June 18, 2012

There’s no quicker way to learn the unspoken, de facto standard components of an API than to write a compatible replacement for an old implementation. I was reminded of this recently while tracking down an issue with Riak’s MapReduce APIs.

It has now been over a year since Riak Pipe was announced, and nearly nine months since it was released with Riak to take over MapReduce processing. The compatibility layer we wrote to run Riak MapReduce jobs on Riak Pipe accepts the same query specification, provides the same data to the same processing functions, and produces output formatted in the same manner as the previous system … unless you consider the number of results in each message to be part of the format.

The format of each message in the external streaming format is a list of one or more results, marked by which phase produced them. Riak Pipe took full advantage of this for its naive first pass at compatibility: it put one result in each message. The system it replaced, though, chose to always deliver the entirety of a reduce result in one message, and also chose to batch map results into chunks of 100.

Consuming these two correctly is no different: just accumulate all the results into bins for each phase. When time and space are concerned, however, the manner in which that binning is done makes all the difference in the world.

To wit: in a world where all reduce results are delivered in one go and map results are delivered in batches of 100, binning with orddict:append_list/3, an O(MN)* operation (M = messages, N = results), is not horrible, because M is usually small. But, in a world where each map or reduce result is delivered as its own message, M is equal to N, meaning we’re dealing with an O(N^2) operation, 100 to N times more expensive. Growing in time and space (garbage production) at the square of the size of your input is not a solution fit for large amounts of data.

A couple of quick fixes in the 1.2 release have shrunk the growth factor back down to O(N) for the Erlang Protocol Buffers client library. Similar fixes have improved the same situation in the HTTP interface as well. Or, in simpler terms, Riak’s 1.2 release speeds up non-streamed MapReduce results by leaps and bounds.

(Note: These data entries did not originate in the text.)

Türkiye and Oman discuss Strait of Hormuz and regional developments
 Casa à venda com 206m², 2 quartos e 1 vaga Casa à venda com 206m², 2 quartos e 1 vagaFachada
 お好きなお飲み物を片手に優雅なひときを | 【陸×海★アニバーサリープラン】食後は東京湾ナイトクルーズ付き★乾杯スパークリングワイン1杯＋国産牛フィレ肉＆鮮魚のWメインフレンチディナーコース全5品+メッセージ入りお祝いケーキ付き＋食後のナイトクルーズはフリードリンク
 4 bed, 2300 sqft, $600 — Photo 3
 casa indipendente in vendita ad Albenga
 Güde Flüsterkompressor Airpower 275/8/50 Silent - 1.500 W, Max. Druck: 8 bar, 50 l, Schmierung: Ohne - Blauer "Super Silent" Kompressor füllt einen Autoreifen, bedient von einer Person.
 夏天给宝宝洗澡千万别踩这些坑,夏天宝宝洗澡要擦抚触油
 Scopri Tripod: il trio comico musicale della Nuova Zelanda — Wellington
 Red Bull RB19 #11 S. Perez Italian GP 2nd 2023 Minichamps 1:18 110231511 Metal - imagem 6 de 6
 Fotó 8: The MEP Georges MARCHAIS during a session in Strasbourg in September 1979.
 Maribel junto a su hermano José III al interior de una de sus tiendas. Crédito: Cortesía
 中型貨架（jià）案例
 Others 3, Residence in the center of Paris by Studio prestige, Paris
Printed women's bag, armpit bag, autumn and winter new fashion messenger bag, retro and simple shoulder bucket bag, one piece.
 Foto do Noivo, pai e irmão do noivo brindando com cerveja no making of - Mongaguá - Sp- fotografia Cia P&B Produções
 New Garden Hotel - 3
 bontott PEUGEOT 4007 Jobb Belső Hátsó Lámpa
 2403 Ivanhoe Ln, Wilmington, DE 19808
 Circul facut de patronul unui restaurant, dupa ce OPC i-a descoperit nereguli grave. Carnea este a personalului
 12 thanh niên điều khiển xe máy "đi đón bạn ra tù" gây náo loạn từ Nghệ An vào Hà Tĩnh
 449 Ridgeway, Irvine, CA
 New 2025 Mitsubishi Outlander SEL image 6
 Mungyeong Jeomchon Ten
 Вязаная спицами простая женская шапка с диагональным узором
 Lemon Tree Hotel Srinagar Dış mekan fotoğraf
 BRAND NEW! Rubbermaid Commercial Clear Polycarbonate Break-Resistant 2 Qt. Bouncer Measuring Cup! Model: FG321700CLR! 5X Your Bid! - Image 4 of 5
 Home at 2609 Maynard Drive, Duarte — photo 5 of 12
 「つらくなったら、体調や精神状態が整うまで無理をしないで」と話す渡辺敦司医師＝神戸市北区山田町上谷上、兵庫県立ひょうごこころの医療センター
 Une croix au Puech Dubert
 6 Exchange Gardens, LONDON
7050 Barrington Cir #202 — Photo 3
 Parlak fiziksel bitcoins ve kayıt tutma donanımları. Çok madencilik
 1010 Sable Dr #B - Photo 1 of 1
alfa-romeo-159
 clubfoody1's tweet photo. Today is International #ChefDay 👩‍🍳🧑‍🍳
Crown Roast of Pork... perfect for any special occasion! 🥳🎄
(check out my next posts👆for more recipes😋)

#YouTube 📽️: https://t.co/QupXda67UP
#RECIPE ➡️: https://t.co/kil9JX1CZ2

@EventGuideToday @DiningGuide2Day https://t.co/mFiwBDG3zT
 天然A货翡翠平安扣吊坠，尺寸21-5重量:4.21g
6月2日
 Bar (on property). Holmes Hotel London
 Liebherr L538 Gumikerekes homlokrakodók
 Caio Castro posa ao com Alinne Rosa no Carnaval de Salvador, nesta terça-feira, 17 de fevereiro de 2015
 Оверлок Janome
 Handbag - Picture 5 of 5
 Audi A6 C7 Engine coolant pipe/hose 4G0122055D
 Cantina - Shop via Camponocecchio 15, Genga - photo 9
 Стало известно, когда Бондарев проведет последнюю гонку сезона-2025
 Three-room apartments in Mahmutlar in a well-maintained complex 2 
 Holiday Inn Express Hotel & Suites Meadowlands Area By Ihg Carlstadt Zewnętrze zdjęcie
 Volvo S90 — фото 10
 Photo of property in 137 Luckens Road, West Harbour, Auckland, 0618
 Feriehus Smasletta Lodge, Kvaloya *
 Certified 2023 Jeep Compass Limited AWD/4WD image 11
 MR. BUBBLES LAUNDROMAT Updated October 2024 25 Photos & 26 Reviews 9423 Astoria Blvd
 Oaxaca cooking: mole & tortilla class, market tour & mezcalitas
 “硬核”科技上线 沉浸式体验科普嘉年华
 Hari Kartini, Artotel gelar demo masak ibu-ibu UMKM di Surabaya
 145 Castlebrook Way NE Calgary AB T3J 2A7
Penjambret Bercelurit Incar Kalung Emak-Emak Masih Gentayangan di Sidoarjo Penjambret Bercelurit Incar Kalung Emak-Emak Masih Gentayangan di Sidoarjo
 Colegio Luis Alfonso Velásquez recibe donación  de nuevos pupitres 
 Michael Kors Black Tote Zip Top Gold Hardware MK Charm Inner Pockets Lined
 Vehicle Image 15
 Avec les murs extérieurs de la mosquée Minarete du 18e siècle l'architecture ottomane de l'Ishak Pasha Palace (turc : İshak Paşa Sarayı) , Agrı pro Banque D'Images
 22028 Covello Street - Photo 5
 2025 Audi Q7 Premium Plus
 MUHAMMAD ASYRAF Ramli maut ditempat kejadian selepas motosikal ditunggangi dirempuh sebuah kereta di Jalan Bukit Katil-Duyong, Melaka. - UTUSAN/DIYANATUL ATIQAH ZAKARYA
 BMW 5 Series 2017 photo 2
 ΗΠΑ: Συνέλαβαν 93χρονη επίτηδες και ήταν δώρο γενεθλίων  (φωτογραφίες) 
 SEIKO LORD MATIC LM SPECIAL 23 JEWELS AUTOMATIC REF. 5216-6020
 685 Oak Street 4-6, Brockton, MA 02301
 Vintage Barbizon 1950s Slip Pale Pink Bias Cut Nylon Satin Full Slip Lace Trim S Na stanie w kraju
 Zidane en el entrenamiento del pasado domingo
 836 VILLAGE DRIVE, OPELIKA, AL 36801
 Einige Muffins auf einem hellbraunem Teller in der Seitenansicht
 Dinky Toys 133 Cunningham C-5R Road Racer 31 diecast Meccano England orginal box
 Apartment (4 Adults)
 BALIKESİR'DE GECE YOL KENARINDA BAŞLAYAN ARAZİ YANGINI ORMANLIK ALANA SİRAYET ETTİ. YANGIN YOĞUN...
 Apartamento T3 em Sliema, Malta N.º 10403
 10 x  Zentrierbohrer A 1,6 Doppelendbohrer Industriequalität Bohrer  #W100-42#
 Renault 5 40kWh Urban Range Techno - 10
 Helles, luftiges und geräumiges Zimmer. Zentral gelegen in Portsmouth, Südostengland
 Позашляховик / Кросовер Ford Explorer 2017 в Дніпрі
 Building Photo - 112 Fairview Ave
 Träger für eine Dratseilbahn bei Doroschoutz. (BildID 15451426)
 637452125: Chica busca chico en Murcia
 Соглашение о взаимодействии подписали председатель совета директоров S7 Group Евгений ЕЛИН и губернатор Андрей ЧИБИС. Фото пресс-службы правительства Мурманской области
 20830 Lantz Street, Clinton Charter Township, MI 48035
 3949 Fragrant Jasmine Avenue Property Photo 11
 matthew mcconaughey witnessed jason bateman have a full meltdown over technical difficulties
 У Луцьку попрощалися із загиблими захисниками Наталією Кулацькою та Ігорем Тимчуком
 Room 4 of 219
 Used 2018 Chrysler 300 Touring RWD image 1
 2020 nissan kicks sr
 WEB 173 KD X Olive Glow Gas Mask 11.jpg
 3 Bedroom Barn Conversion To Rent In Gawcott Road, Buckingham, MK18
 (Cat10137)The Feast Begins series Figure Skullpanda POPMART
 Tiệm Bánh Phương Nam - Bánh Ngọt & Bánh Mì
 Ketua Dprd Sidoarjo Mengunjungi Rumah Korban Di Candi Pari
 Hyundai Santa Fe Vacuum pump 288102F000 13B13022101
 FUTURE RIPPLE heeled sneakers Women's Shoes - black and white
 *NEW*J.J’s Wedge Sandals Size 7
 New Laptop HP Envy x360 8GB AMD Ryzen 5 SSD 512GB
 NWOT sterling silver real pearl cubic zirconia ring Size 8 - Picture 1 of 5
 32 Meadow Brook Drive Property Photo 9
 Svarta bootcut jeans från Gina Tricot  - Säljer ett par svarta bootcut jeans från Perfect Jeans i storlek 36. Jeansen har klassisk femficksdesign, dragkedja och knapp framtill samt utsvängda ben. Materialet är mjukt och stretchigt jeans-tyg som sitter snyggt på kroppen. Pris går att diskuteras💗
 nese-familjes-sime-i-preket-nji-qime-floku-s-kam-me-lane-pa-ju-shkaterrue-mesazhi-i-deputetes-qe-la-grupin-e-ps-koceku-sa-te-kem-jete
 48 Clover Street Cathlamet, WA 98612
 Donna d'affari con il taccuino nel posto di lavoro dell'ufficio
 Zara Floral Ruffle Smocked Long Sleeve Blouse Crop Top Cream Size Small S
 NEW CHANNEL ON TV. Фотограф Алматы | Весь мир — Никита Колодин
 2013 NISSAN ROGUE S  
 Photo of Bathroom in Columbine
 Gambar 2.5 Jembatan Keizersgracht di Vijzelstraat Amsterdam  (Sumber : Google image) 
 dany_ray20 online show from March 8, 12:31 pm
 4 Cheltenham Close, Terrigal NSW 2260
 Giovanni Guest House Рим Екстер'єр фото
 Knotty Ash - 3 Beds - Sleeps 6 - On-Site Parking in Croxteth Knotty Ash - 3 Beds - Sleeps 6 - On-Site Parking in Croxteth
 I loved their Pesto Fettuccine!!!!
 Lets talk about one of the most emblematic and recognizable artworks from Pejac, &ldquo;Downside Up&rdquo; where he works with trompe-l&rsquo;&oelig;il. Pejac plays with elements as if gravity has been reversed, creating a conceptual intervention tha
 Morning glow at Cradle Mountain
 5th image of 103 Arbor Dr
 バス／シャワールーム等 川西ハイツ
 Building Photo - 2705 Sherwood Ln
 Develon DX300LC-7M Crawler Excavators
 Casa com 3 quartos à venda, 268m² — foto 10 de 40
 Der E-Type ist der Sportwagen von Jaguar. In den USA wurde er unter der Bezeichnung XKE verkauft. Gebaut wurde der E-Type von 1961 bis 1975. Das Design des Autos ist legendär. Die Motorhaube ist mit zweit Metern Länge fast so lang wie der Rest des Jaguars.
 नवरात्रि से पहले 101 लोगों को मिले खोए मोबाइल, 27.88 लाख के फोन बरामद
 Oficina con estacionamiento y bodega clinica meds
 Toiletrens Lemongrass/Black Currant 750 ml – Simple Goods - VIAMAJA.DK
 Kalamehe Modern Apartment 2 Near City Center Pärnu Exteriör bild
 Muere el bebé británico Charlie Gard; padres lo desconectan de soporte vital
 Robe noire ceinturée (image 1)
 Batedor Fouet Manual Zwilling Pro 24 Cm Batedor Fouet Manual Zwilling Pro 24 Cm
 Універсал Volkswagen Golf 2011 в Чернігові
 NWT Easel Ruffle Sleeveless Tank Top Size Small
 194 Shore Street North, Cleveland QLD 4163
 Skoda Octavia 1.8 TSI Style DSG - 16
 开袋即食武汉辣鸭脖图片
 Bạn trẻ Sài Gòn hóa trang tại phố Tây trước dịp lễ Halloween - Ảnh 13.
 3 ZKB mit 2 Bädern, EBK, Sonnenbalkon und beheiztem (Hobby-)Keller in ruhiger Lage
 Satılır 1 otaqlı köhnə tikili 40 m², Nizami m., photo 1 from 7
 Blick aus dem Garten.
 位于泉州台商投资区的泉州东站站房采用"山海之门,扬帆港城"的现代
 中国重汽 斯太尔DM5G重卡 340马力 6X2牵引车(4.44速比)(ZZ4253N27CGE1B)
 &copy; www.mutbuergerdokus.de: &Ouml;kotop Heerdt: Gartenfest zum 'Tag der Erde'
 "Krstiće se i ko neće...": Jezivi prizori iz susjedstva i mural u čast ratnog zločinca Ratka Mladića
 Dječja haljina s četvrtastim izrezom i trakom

We’ve been quite happy with the Riak Pipe implementation of Riak’s MapReduce system from usability and debugging standpoints. With all of the improvements we’ve made in the last year, and the few that we have planned for the next major release after 1.2 (delivery of multiple results per message, for example), we feel confident in deprecating the previous, “legacy” system in 1.2, in preparation for removing it entirely in the following release. Transitioning to exclusively Riak Pipe for MapReduce will clean up the codebase, simplifying maintenance and make way for future growth.